El uso de velas, de ocotes, de petróleo, traería de vuelta
los grandes incendios: llamas rojizas teñirían de rojo el cielo oscuro.
Las quiebras del comercio y la industria sumarían millones.
Al volver la luz, México estaría en medio de ruinas, de
sangre, de sombras. “Quedará lacerado por mucho tiempo”. Parecería que hubiera
pasado por sus calles, “un huracán de desgracia”.
En 1977 sucedió en Nueva York el apagón conocido como “la
noche del terror” o “la noche de los animales”. La ciudad quedó sin luz
durante 25 horas. Un rayo había caído sobre un transformador y en solo seis
minutos nueve millones de personas quedaron completamente a oscuras.
Hubo gente atrapada en los rascacielos, trenes varados en
los subterráneos, gente deambulando por las calles. Inesperadamente estalló el
delirio, la locura, el caos. Comenzó el saqueo. La policía detuvo esa noche a
más de tres mil personas. Toda clase de comercios fueron destruidos y robados.

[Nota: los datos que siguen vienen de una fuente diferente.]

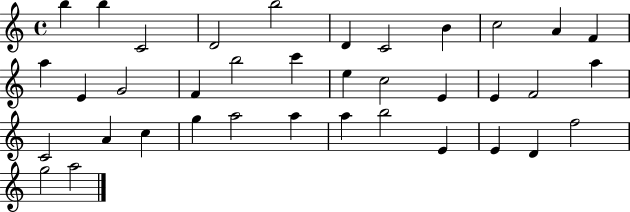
X:1
T:Untitled
M:4/4
L:1/4
K:C
b b C2 D2 b2 D C2 B c2 A F a E G2 F b2 c' e c2 E E F2 a C2 A c g a2 a a b2 E E D f2 g2 a2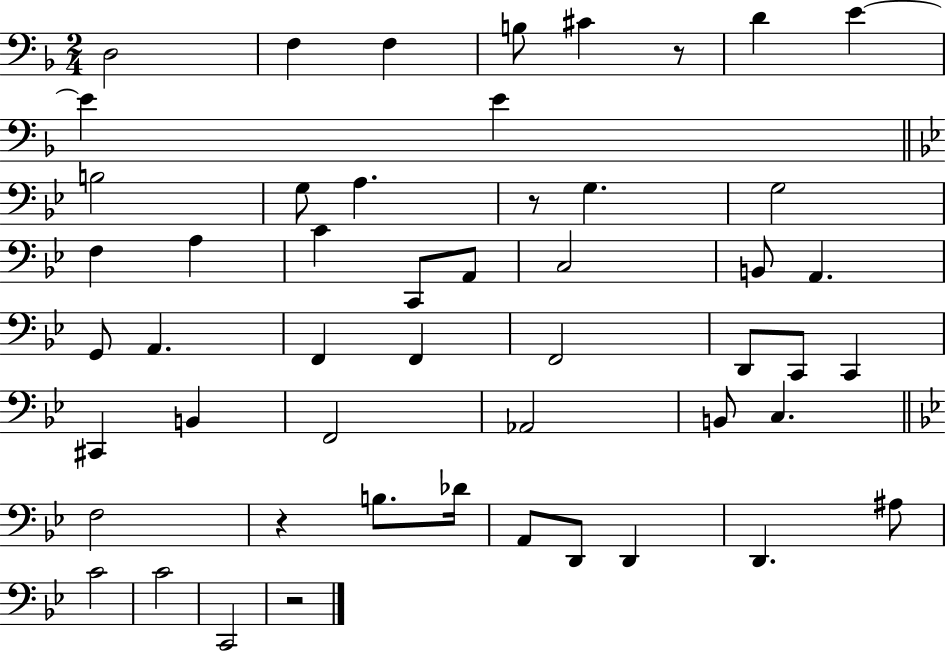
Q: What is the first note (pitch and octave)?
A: D3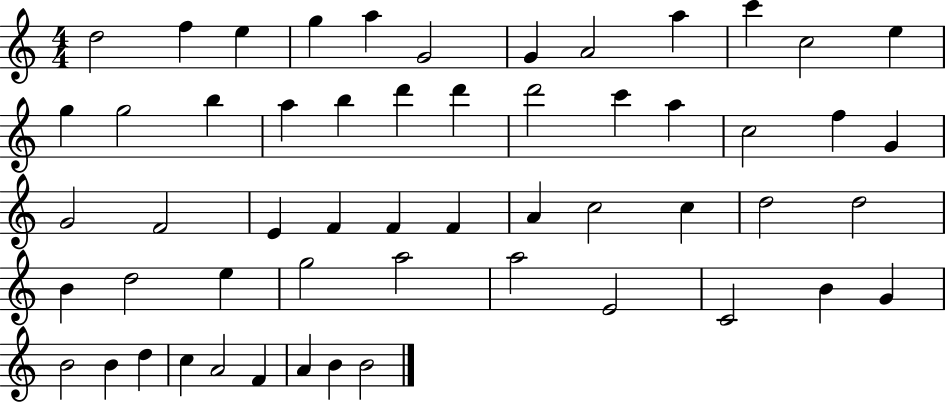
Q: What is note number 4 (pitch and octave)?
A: G5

Los habitantes de las zonas pobres se lanzaron a quemar y robar las zonas
ricas. La ciudad se pobló de incendios.
Era el mundo que había imaginado 70 años antes un
desconocido redactor de El Imparcial —que, en obvia referencia a una
novela de 1898, “La guerra de los mundos”, empleó el seudónimo de Wells Jr.
Ese redactor que entrevió un México en tinieblas, en medio de ruinas,
de sombras, de sangre, como si por este hubiera pasado un huracán de desgracia.